Funny how such old lifeless buildings can be so amazingly wondrous to look at!! Thanks for the bit of the history lesson too!

Robin said...

Oh, Judy you did it again!!!! Makes me want to go back so much, only if I could win the lottery :)!! These are beautiful pictures of our beloved Yorkshire. Hope you have a great weekend.

EmptyNester said...

Wow, amazing photos! I'm not a traveler but your pictures are changing my mind about that! Great reading too!

Heide said...

I can see why it is your husbands favorite place to visit! It is fasinating! Looks so peaceful. Very interesting history too.

jennyfreckles said...

It's one of my favourite places too. Maybe one day I'll go back and take you some more photos.

Rachel said...

I like to call visiting your blog on Fridays as Vacation Friday!! :) I love these pictures. I'm not sure I could choose a favorite one. Although the one you mentioned being your favorite is probably close to the top of my list as well!

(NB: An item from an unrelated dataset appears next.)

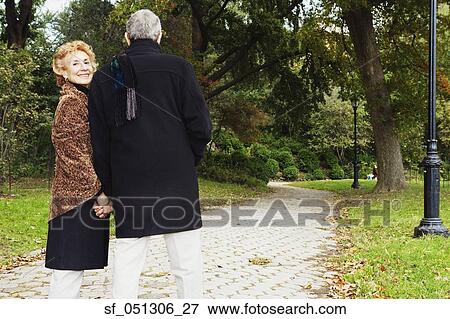 Senior couple walking and holding hands in park View Large Photo Image Stock Photo - Senior couple walking and holding hands in park. Fotosearch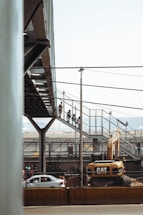 A construction site with a large Caterpillar excavator is present. Above the machinery, a pedestrian bridge made of metal and glass is visible, with people walking along it. In the background, there are cars on a road and industrial structures.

Happy Friday friend, have a blessed day and great weekend!

:)
Rach

J_on_tour@jayzspaze said...

It is strange that you should post this today as I was asked to helpout with the suitability of a walk with a friend that went around the outside of this estate ...... today !! We walked around the south side and glimpsed views of the Abbey and Hall, then into Ripon for some lunch of local products to eat and sat outside in the square as it was warm enough unusually in March. We returned the other way through Studley Roger to the gorge and then the lake, up the hill past the church to the visitor centre car park. we thought was a bit long for the group that he was thinking of, but it is a handy idea for the Yorkshire walking group that we are occasionally involved in. Off to York in the morning to meet folks I know and some I don't to see the re-opened & refurbished Yorkshire museum. Will catch up with post again when I have more time tomorrow night.

Judy S. said...

I wonder whether this Ripon has a connection of some kind with Ripon, WI? Loved your daffodil post, Judy. We just saw lots of them along the roadside in northern CA, along with calla lilies! (And a little bit of snow....)

Cranberry Morning said...

Just in case anyone else also wondered about a connection between Ripon, Wisconsin and Ripon, North Yorkshire, I found this tidbit online:
In 1849, the present town of Ripon, the post office, and what is now the First Ward of the city, was called Ceresco. Now they are all Ripon... Ripon was at first the name of what is now only part of the city. It originated in this way: At the time I purchased of Gov. Horner, he asked the privilege of giving the name to our village. This I granted with these restrictions: First, that it should not be a personal name; second, that it should not be like any other name in the United States; third, that it should not be an Indian name [as so many Wisconsin names are]; and lastly, that the name should be short. Horner's ancestors came from Ripon, England. That name he selected; and as it was not open to any of the objections I had mentioned, it was adopted. This was found at http://www.wlhn.org/fond_du_lac/towns/ripon_mapes.htm

purejoy said...

oh my stars!! that is one of the most beautiful posts i've ever seen. the photographs are absolutely stunning! the arches, the arches!! and as soon as you mentioned "ripon" i did a doubletake. like were these ruins in wisconsin??
haha. and then i got over myself. what in the world?
and come to find out there's a story behind its name!! who knew??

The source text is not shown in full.